Note that in a red-green block transmission, the red-part data does
NOT convey any urgency or higher-priority semantics relative to the
block's green-part data; the red-part data is merely intended to
carry imperative meta-data without which green-part data reception is
likely to be futile.
3.4 Laconic Acknowledgment
Another respect in which LTP differs from TCP is that, while TCP
connections are bidirectional (blocks of application data may be
flowing in both directions on any single connection), LTP sessions
are unidirectional. This design decision derives from the fact that
the flow of data in deep space flight missions is usually
unidirectional. (Long round trip times make interactive spacecraft
operation infeasible, so spacecraft are largely autonomous and
command traffic is very light.)
One could imagine an LTP instance, upon being asked to transmit a
block of data, searching through all existing sessions in hopes of
finding one that was established upon reception of data from the new
block's destination; transmission of the new block could be
piggybacked on the acknowledgment traffic for that session. But the
prevailing unidirectionality of space data communications means that
such a search would frequently fail and a new unidirectional session
would have to be established anyway. Session bidirectionality
therefore seemed to entail somewhat greater complexity unmitigated by
any clear performance advantage, so we abandoned it. Bidirectional
data transfer is instead accomplished by opening two individual LTP
sessions.
Since they are not piggybacked on data segments, LTP data
acknowledgments - "reception reports" - are carried in a separate
segment type. To minimize consumption of low and asymmetric
transmission bandwidth in the IPN, these report segments are sent
infrequently; each one contains a comprehensive report of all data
received within some specified range of offsets from the start of the
transmitted block. The expectation is that most data segments will
arrive safely, so individual acknowledgment of each one would be
expensive in information-theoretical terms: the real information
Burleigh et al. Expires - March 2007 [Page 11]

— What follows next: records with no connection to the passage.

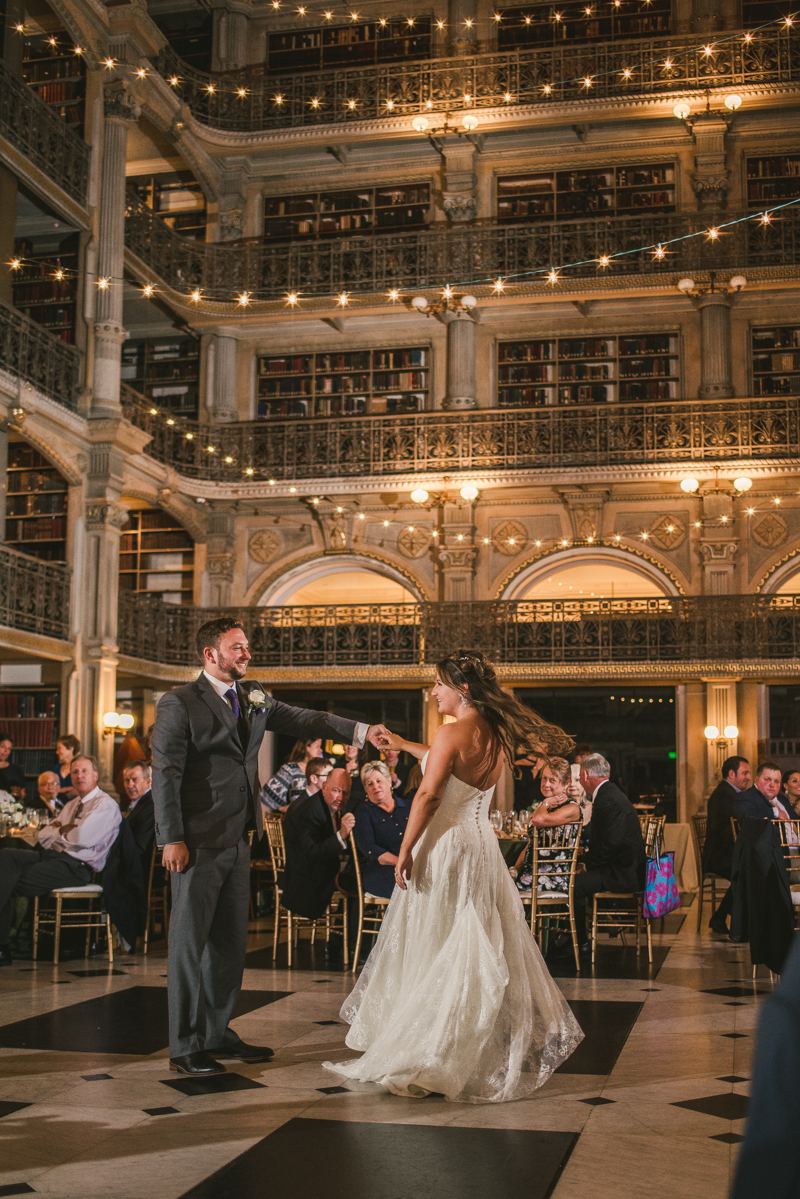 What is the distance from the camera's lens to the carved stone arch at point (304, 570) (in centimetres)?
1623

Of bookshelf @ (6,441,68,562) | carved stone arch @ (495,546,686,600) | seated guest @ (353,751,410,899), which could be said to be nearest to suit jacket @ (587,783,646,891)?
seated guest @ (353,751,410,899)

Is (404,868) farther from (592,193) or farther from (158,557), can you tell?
(592,193)

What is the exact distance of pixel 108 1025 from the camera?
5031 millimetres

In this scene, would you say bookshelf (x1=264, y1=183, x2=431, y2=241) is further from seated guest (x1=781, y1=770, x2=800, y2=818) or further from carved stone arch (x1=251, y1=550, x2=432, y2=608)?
seated guest (x1=781, y1=770, x2=800, y2=818)

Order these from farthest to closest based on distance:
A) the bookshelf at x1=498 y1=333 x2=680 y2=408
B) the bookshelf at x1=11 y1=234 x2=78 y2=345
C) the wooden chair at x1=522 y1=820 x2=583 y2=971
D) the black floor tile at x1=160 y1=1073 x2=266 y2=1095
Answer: the bookshelf at x1=498 y1=333 x2=680 y2=408 → the bookshelf at x1=11 y1=234 x2=78 y2=345 → the wooden chair at x1=522 y1=820 x2=583 y2=971 → the black floor tile at x1=160 y1=1073 x2=266 y2=1095

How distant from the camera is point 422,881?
4094 mm

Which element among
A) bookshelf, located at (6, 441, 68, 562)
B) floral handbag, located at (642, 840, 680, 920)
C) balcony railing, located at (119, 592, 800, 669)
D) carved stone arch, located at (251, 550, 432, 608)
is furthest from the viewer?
carved stone arch, located at (251, 550, 432, 608)

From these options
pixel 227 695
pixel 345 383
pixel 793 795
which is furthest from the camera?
pixel 345 383

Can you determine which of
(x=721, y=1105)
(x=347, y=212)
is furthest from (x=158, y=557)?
(x=721, y=1105)

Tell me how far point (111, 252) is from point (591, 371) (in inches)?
252

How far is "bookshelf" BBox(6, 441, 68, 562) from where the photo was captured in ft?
43.1

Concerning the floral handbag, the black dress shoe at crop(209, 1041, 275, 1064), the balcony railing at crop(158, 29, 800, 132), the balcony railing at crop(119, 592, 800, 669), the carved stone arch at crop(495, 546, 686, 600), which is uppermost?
the balcony railing at crop(158, 29, 800, 132)

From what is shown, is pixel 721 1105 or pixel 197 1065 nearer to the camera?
pixel 721 1105

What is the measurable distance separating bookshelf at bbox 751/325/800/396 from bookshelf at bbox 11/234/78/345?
8.63 metres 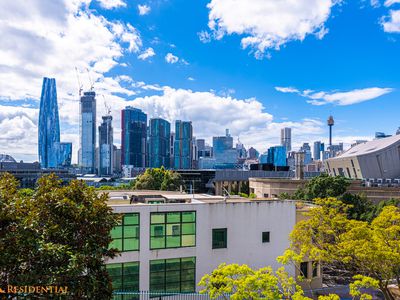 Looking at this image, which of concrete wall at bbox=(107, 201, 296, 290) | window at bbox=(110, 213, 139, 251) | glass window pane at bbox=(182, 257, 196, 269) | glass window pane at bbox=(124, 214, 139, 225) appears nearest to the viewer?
window at bbox=(110, 213, 139, 251)

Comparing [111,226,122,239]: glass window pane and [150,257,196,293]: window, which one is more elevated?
[111,226,122,239]: glass window pane

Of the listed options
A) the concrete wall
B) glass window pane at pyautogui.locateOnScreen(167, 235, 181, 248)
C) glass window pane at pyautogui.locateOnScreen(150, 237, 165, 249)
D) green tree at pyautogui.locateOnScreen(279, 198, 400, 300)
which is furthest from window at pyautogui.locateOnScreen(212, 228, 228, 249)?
green tree at pyautogui.locateOnScreen(279, 198, 400, 300)

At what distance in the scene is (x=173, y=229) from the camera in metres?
22.4

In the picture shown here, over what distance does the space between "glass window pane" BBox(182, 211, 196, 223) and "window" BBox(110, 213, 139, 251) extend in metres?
3.51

Internet Draft LTP - Motivation September 2006
provided per byte of acknowledgment data transmitted would be very
small. Instead, report segments are normally sent only upon
encountering explicit solicitations for reception reports -
"checkpoints" - in the sequence of incoming data segments.

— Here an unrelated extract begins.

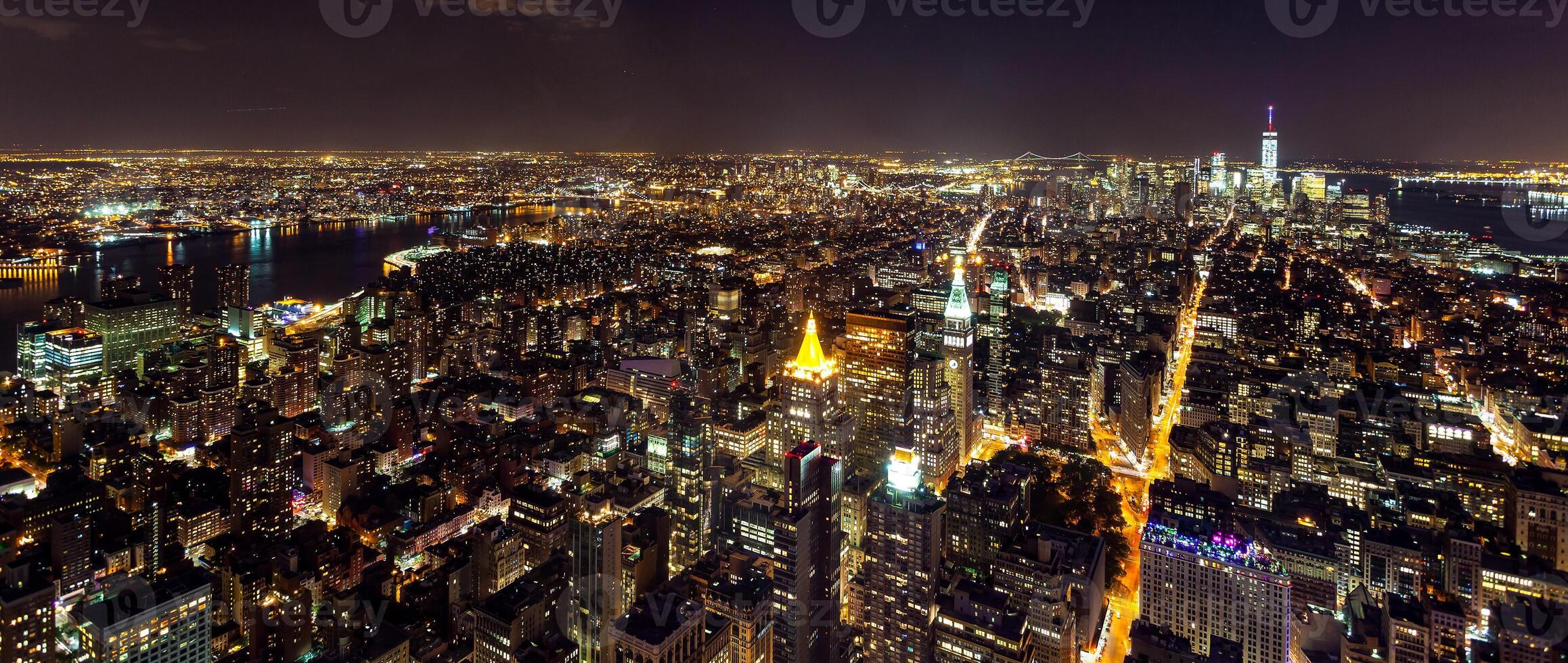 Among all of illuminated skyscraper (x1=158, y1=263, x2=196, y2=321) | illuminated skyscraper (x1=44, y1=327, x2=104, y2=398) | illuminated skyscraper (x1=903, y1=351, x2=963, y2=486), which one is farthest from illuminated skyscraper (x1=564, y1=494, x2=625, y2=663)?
illuminated skyscraper (x1=158, y1=263, x2=196, y2=321)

The aggregate nature of reception reports gives LTP transmission an
episodic character:
o "Original transmissions" are sequences of data segments issued
in response to transmission requests from client services.
o "Retransmissions" are sequences of data segments issued in
response to the arrival of report segments that indicate
incomplete reception.
Checkpoints are mandatory only at the end of the red-part of each
original transmission and at the end of each retransmission. For
applications that require accelerated retransmission (and can afford
the additional bandwidth consumption entailed), reception reporting
can be more aggressive. Additional checkpoints may optionally be
inserted at other points in the red-part of an original transmission,
and additional reception reports may optionally be sent on an
asynchronous basis during reception of the red-part of an original
transmission.
3.5 Adjacency
TCP reliability is "end to end": traffic between two TCP endpoints
may traverse any number of intermediate network nodes, and two
successively transmitted segments may travel by entirely different
routes to reach the same destination. The underlying IP network-
layer protocol accomplishes this routing. Although TCP always
delivers data segments to any single port in order and without gaps,
the IP datagrams delivered to TCP itself may not arrive in the order
in which they were transmitted.
In contrast, LTP is a protocol for "point to point" reliability on a
single link: traffic between two LTP engines is expected not to
traverse any intermediate relays. Point-to-point topology is innate
in the nature of deep space communication, which is simply the
exchange of radiation between two mutually visible antennae. No
underlying network infrastructure is presumed, so no underlying
network-layer protocol activity is expected; the underlying
communication service is assumed to be a point-to-point link-layer
protocol such as CCSDS Telemetry/Telecommand [TM][TC] (or, for
terrestrial applications, PPP). The contents of link-layer frames
delivered to LTP are always expected to arrive in the order in which
they were transmitted, though possibly with any number of gaps due to
Burleigh et al. Expires - March 2007 [Page 12]
Internet Draft LTP - Motivation September 2006
data loss or corruption.
Note that building an interplanetary network infrastructure - the
DTN-based architecture of the IPN - *on top of* LTP does not conflict
with LTP design principles. Bundling functions as an overlay network
protocol, and LTP bears essentially the same relationship to Bundling
that a reliable link protocol (for example, the ARQ capabilities of
LLC) would bear to IP.
The design of LTP relies heavily on this topological premise, in at
least two ways:
If two successively transmitted segments could travel by
materially different routes to reach the same destination, then
the assumption of rough determinism in timeout interval
computation discussed below would not hold. Our inability to
estimate timeout intervals with any accuracy would severely
compromise performance; while spurious timeouts cause redundant
retransmissions wasting precious bandwidth, overly conservative
timeout intervals delay loss recovery.
If data arrived at an LTP engine out of transmission order, then
the assumptions based on which the rules for reception reporting
are designed would no longer hold. A more complex and/or less
efficient retransmission mechanism would be needed.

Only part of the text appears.